WATCH: Legal Analyst Says Credibility Issues With “Star Witness” Could Torpedo Trump Case


Speculation is building that the Manhattan district attorney’s case against President Donald Trump could unravel before it begins, at least according to one CNN analyst who questioned the strength of a star witness set to testify against the former president.

Speaking this morning, Elliot Williams, a former federal prosecutor in the Obama administration, suggested that District Attorney Alvin Briggs could be relying too heavily on Trump’s former attorney and fixer Michael Cohen who has “credibility issues” and has been convicted of previous crimes.


On Saturday President Trump messaged his followers on Truth Social to predict that prosecutors would be filing charges against him on Tuesday in a case involving hush-money paid to a porn star to settle an extramarital affair. Cohen, as the prosecution’s star witness, would likely explain his role in making the $130,000 payment at the direction of Trump.

In an ironic twist, New York state prosecutors will be relying on a disbarred attorney who was convicted in 2018 on federal charges of tax evasion and campaign finance misreporting.
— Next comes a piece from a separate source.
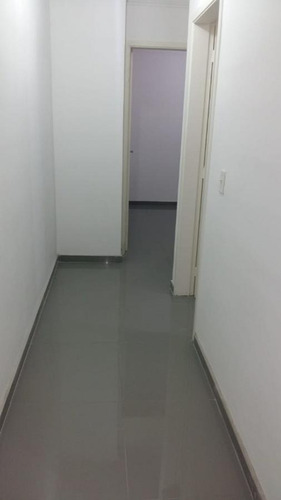 Imagem 1 de 6 de Apartamento Para Venda Por R$190.000,00 Com 2 Dormitórios, 1 Vaga E 1 Banheiro - Guaianases, São Paulo / Sp - Bdi35583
Federal authorities previously declined to bring charges against President Trump, clearing the way for DA Briggs to levy state-level charges against the president with help from Cohen.

Williams, the Obama-era prosecutor, also suggested that Briggs may struggle to win his office’s case based on outdated evidence associated with the hush-money transaction. Two deputy US attorneys resigned last year to protest Briggs’ previous decision to not charge Trump, fearing the charges wouldn’t stick and it would reflect poorly on his office. It is unclear why Briggs now believes he has a stronger case.

Should charges be filed, analysts have also questioned how or if Trump would be brought before a state court to enter a plea. While it remains possible that the president’s legal team could request all processing and casework be done remotely, state courts currently require defendants to be present for at least some of the proceedings.